Trust preferred securities (TRUPs), the hybrid security that counted as Tier 1 regulatory capital but generated tax deductible interest payments, were a favored source of capital for community banks. When the financial crisis hit, many bank holding companies (BHCs) with troubled bank subsidiaries exercised the right to defer interest payments on their outstanding TRUPs for up to five years. Interest continued to accrue during the deferral period, but the deferral was not a default and there was nothing that the TRUPs holder could do but wait. Many deferral periods that began late in 2009 and early 2010 are about to expire. TRUPs holders − long shackled by contractual stand still covenants – are about to be unleashed to exercise their creditor rights against the troubled BHCs that issues the TRUPs.

Deferred Interest Becomes Due and Payable In most cases, the five years of deferred interest on the TRUPs becomes due and payable in full when the deferral period ends. If the accrued interest is not paid, then the TRUPs holders may declare a default, accelerate the principal and demand immediate repayment of all principal and accrued interest on the TRUPs. The trustee for the unpaid TRUPs has all the rights of an unsecured creditor, may obtain a judgment against the BHC and can force the BHC (but not its subsidiary bank) into bankruptcy, which has already happened to at least three BHCs.

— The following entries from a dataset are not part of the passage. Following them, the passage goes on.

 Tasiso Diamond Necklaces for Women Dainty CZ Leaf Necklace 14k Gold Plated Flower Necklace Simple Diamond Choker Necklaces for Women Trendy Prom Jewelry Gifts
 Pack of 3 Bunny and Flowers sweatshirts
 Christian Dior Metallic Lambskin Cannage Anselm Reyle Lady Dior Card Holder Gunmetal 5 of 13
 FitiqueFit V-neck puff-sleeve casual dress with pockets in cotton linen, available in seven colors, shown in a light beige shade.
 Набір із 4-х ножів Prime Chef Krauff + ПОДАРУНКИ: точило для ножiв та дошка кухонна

Dividends from Subsidiary Bank The obvious solution is for the BHC to pay all accrued interest on the TRUPs when the deferral period ends (after which a new five-year deferred period could begin). In many cases, however, the BHC may not have millions of dollars of liquid assets available to pay the accrued interest. The BHC may be dependent upon dividends from its subsidiary bank to make the interest payment due on the TRUPs. All of the accrued and unpaid interest may, in effect, be capital of the subsidiary bank (because during the deferral period, dividends were not paid by the bank to the BHC to pay the interest on the TRUPs). This retention of capital strengthened the subsidiary bank, helping it recover from the financial crisis. The subsidiary bank may no longer be in a troubled condition, but in many cases it will not have excess capital sufficient to pay an extraordinary dividend and remain well capitalized. The OCC and FDIC may be unwilling to approve an extraordinary dividend from the bank to the holding company. Also, the Federal Reserve may not permit a troubled BHC to pay the accrued interest due on the TRUPs.

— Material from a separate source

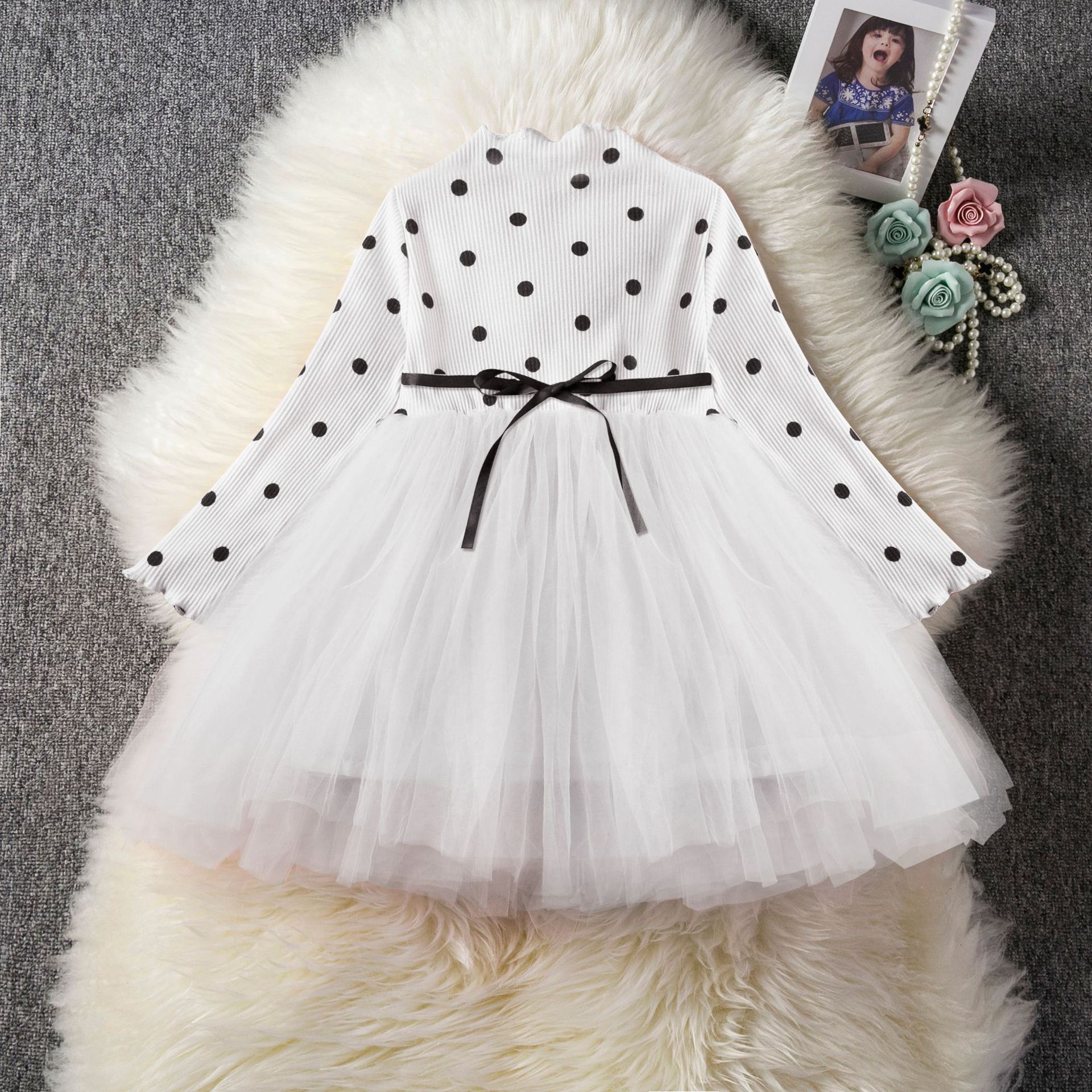 Baby Girls Long Sleeve Tutu Lace Dress – 1st Birthday & Christening Gown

Proceeds of Stock Offering Some BHCs may raise funds to repay TRUPs accrued interest by issuing new common stock. Convertible preferred stock is preferred by some private equity funds. A stock offering will usually dilute existing shareholders, but is generally preferable to a default on the TRUPs.

If the BHC and/or subsidiary bank are still in a troubled condition, regulators may prohibit the BHC from using the proceeds of a stock offering to pay the TRUPs interest. The Federal Reserve could direct a troubled BHC to retain such proceeds to be a source of strength to the subsidiary bank. In one instance, the Federal Reserve permitted a BHC to issue stock with proceeds placed in escrow and used by the escrow agent (not the BHC) to pay the TRUPs accrued interest. The Federal Reserve has indicated that structure may not be permitted in the future.

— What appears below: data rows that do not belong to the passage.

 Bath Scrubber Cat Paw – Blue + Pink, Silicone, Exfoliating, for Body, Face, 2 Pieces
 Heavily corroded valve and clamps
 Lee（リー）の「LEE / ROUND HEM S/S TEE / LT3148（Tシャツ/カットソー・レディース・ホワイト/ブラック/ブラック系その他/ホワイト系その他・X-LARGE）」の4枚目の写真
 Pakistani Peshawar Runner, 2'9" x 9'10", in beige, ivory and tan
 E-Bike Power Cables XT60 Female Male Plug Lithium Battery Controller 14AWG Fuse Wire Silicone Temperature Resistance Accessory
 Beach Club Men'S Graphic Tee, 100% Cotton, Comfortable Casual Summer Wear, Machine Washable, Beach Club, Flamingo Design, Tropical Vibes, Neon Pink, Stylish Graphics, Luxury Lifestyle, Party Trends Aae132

Merger with Acquiror Another alternative is for the BHC to sell by merging with a financially stronger BHC. In that case, TRUPs indentures generally require that the buyer assume all the obligations of the seller under the TRUPs. TRUPs holders have been unwilling in most cases to negotiate any discount with the buyer. The result is a lower price for the selling BHC’s shareholders. In most cases, the TRUPs indenture prohibits the BHC from selling or merging its subsidiary bank unless the acquiring bank and BHC assume all the seller’s TRUPs obligations.

Downsizing the Bank TRUPs indentures generally do not prohibit the subsidiary bank from selling its assets or branches. A bank may raise capital by selling deposits and branches, shrinking its balance sheet and increasing its regulatory capital ratios. If the downsized bank remains viable and well capitalized, banking regulators may approve a dividend of any resulting excess capital to the BHC.

Section 363 Sale in Bankruptcy If a BHC cannot receive dividends from its subsidiary bank, use proceeds from a stock offering or merge with another BHC, then the BHC must consider a holding company bankruptcy as a possible solution. If the subsidiary bank is viable, but the BHC is illiquid, then the debtor BHC may engage in a Section 363 sale (named after the bankruptcy code section authorizing such sales) of its subsidiary bank. Under bankruptcy court supervision, the BHC may sell the stock of its subsidiary bank free and clear of the BHC’s debts (including the TRUPs). Proceeds from the sale of the bank stock are then distributed according to the bankruptcy code:

  • First, to any secured bank stock lender
  • Second, to unsecured creditors, including TRUPs
  • Third, to any preferred stockholders
  • Fourth, any remainder to the common stockholders.

Holders of defaulted TRUPs may initiate an involuntary bankruptcy, but strategically, the BHC may want to file a voluntary bankruptcy. This is more likely to result in a favorable sales price for the subsidiary bank. The debtor BHC can pre-arrange for a stalking horse acquiror to submit a reasonable and competitive bid to purchase the stock of the subsidiary bank. Creditors, shareholders and third parties are then given a limited amount of time to top the stalking horse bid for the bank stock, usually in a bankruptcy court auction. The highest bidder purchases the stock of the bank, and receives a bankruptcy court order that it acquired the stock free and clear of all liens and claims of third parties (including the TRUPs).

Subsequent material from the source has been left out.